Imaginez qu'il soit possible, avec ces capteurs qui nous auscultent désormais en continu, de mesurer à cet instant précis la quantité cumulée de souffrance ressentie par l'ensemble des êtres vivants.
Certaines sont plus vives que d'autres me direz vous. Oui, justement, le boitier donnerait une valeur corrélée à l'intensité de la sensation vécue par l'être souffrant.
Certaines, pourtant liées à d'intolérables douleurs physiques, semblent mieux apprivoisées que d'autres, induite par leurs insidieuses soeurs psychologiques. Pour avoir été plutôt épargné par celles-là, et traversé (plutôt : été traversé par) des océans de souffrance mentale depuis plus de soixante ans, je peux témoigner du potentiel dévastateur de celles-ci.
Chaque dispositif transfèrerait son résultat à un imposant pèse-souffrance mondial. Et quotidiennement on pourrait lire ce nombre que j'imagine colossal.

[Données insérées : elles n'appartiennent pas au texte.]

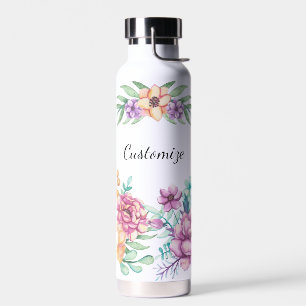 Floral Fiesta Wasser Flasche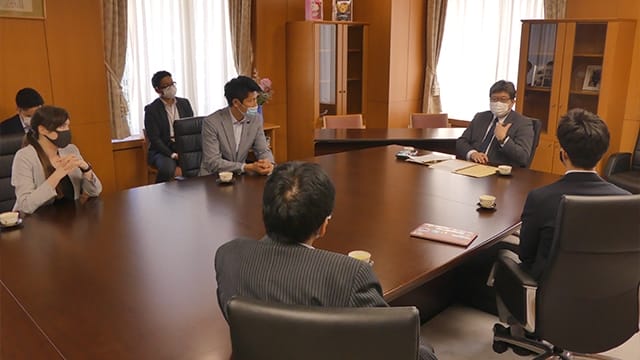 子供たちが部活動等の成果を発揮できる機会の確保に向けて、萩生田光一文部科学大臣に申し入れ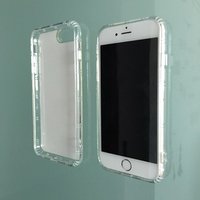 2018 Trending products nano anti-gravity case adsorbed TPU mobile phone shell transparent clear anti gravity case for iPhone 7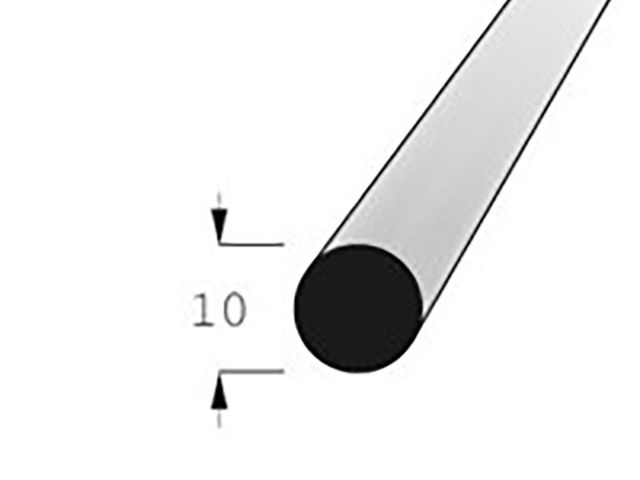 Obrázek produktu Lišta kruhová buk prům.10mm, délka 90cm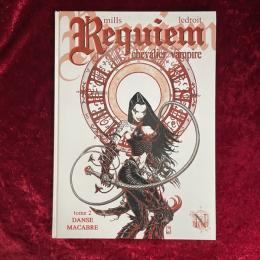 Requiem, Tome 2 : Danse macabre 洋書　パット・ミルズ・オリヴィエ・ルドロワ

C'est une idée qui m'accompagne et me perfore depuis bien longtemps. La quantité inouïe de souffrance qui règne dans le cosmos.
On m'objectera ceci : que faites-vous de la quantité de joie qui s'exprime dans le monde au même moment ?
C'est que justement je suis convaincu que le pèse-joie fournirait un décompte bien inférieur.
Je me fous de savoir si, comme certaines traditions spirituelles l'affirment, cet amoncellement de souffrance a des vertus rédemptrices.
Je me fous des élucubrations équilaventionnistes qui prétendent que souffrance et joie "ne sont point séparables et marchent main dans la main" (Khalil Gibran).
Je me fous aussi de cette pourtant séduisante explication entropique et statistique que l'on appelle le principe d'Anna Karénine.
Renan et Einstein ont paraît-il dit que la bêtise humaine était l'une des rares choses qui pouvaient donner une idée de l'infini.
Je crois que si l'on cherchait un autre mètre-étalon pour l'infini, on devrait plutôt se tourner du côté de la souffrance du vivant à chaque seconde.
Et c'est pour cela que je classe les métiers en deux uniques catégories, ceux au service de la consolation et du soulagement, et puis tous les autres.